Participatory Sensing Marine Debris: The Marine Debris Tracker Mobile App

presenting: Katherine Shayne (University of Georgia, United States); authors: Katherine Shayne (University of Georgia, United States), Jenna Jambeck (University of Georgia), Chris Wilcox (CSIRO)

Marine Debris Tracker (MDT) is a mobile app and citizen science program originally sponsored by the NOAA Marine Debris Program and launched in 2011. At the time, MDT was the first app of its kind, allowing users to report litter anywhere in the world. In its more than 6 year timeframe of use, the app and program has helped collect data on over 1 million debris items across the globe. Besides collecting data, the app itself serves as an outreach and education tool, creating an engaged participatory sensing instrument. Also, important to Marine Debris Tracker is open data and transparency. A web portal provides data that users have logged allowing immediate feedback to users and additional education opportunities. The engagement of users through a top tracker competition and social media keeps participants interested in the Marine Debris Tracker community. The MDT community and dataset continues to grow daily, including into the open ocean with adoption of use by the Volvo Ocean Race and onto land in countries like Vietnam. We will present current usage and engagement, participatory sensing data distributions, areas of active tracking, and statistical analysis of the opportunistic data collected by the app, which has proved to be a challenge to analyze. We will also share lessons learned and discuss future technologies and platforms that can be used by others to expand data collection, analysis and citizen engagement.

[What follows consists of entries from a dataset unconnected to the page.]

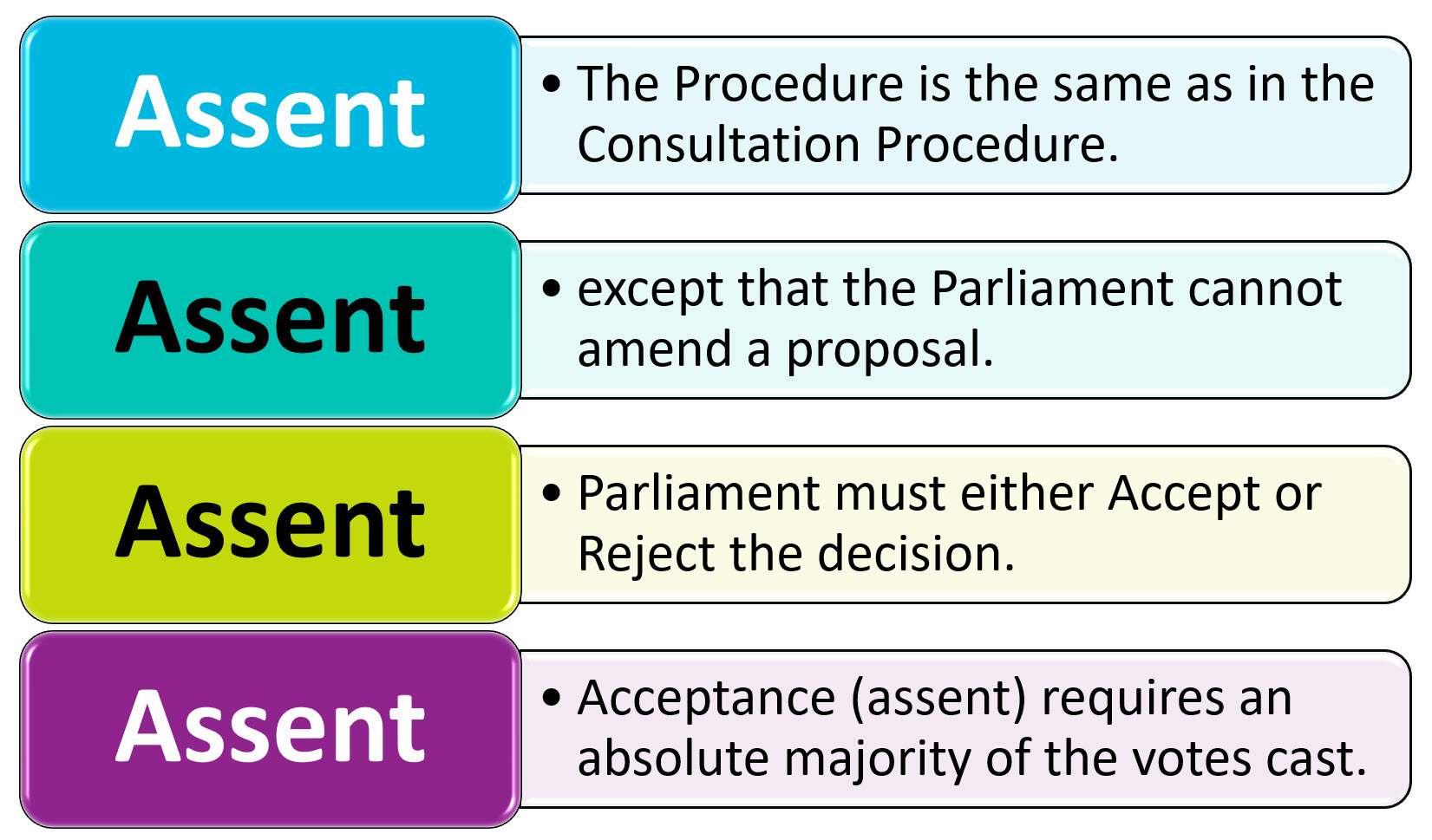 Assent Procedure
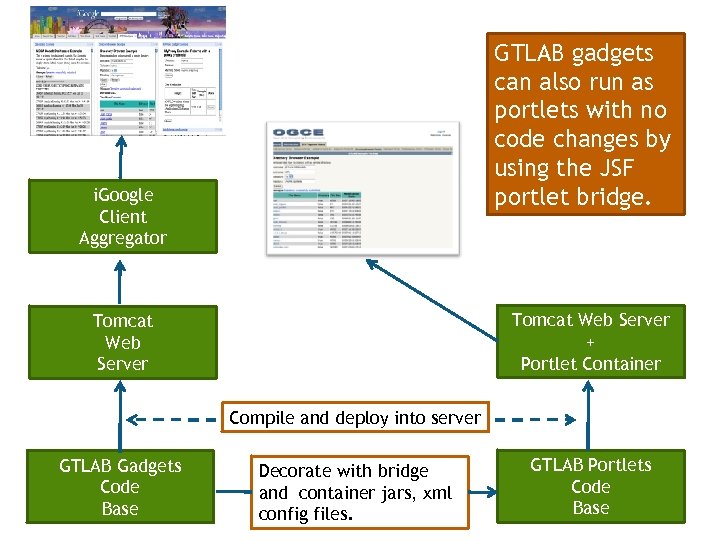 GTLAB gadgets can also run as portlets with no code changes by using the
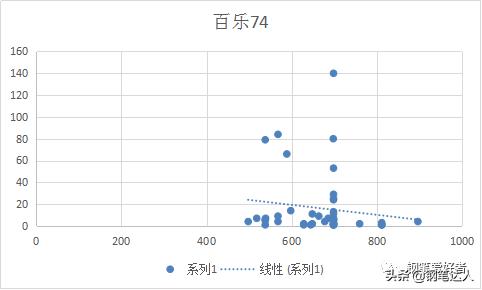 入门三金钢笔谁最耐用,日系钢笔入门推荐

Marine LitterWatch – citizen science-based app

presenting: Štefan Trdan (Institute for Water of the Republic of Slovenia, Slovenia); authors: Štefan Trdan (Institute for Water of the Republic of Slovenia, Slovenia), Ana Tejedor (European Environment Agency), monika Peterlin (Institute for Water of the Republic of Slovenia)

Litter, plastics in particular, is accumulating in our seas and coasts, mainly due to current unsustainable consumption and production patterns, poor waste management, and the lack of public awareness. The European Environment Agency launched Marine LitterWatch (MLW) in 2014, as a citizen science-based platform to help fill data gaps on beach litter and support community engagement in tackling the problem of marine litter. The European Union is addressing the problem of marine litter through the Marine Strategy Framework Directive (MSFD), which requires Member States to monitor the state of our seas and take the measures needed to reach or maintain its ‘Good Environmental Status’ by 2020. MLW aims to collect data on marine litter on beaches relevant for the MSFD, to support official monitoring, with the help of interested citizens and communities. It also allows the collection of data from non-official initiatives, such as clean-ups. MLW builds on the MSFD monitoring guidelines , developed by the Technical Group on Marine Litter, a group of experts established to support the MSFD implementation. By the end of 2017, around 30 actively involved communities and citizens collected 655.320 items during 1.407 litter collection events from across Europe´s seas. The one-month pilot (The Marine Litter Watch month) deployed a harmonised methodology for carrying out beach surveys, using monitoring protocols (DeFishGear, 2016), that are in line with the Marine Strategy Framework Directive (MSFD) monitoring guidelines. MLW month took place on 33 European beaches from 17 September to 16 October 2016.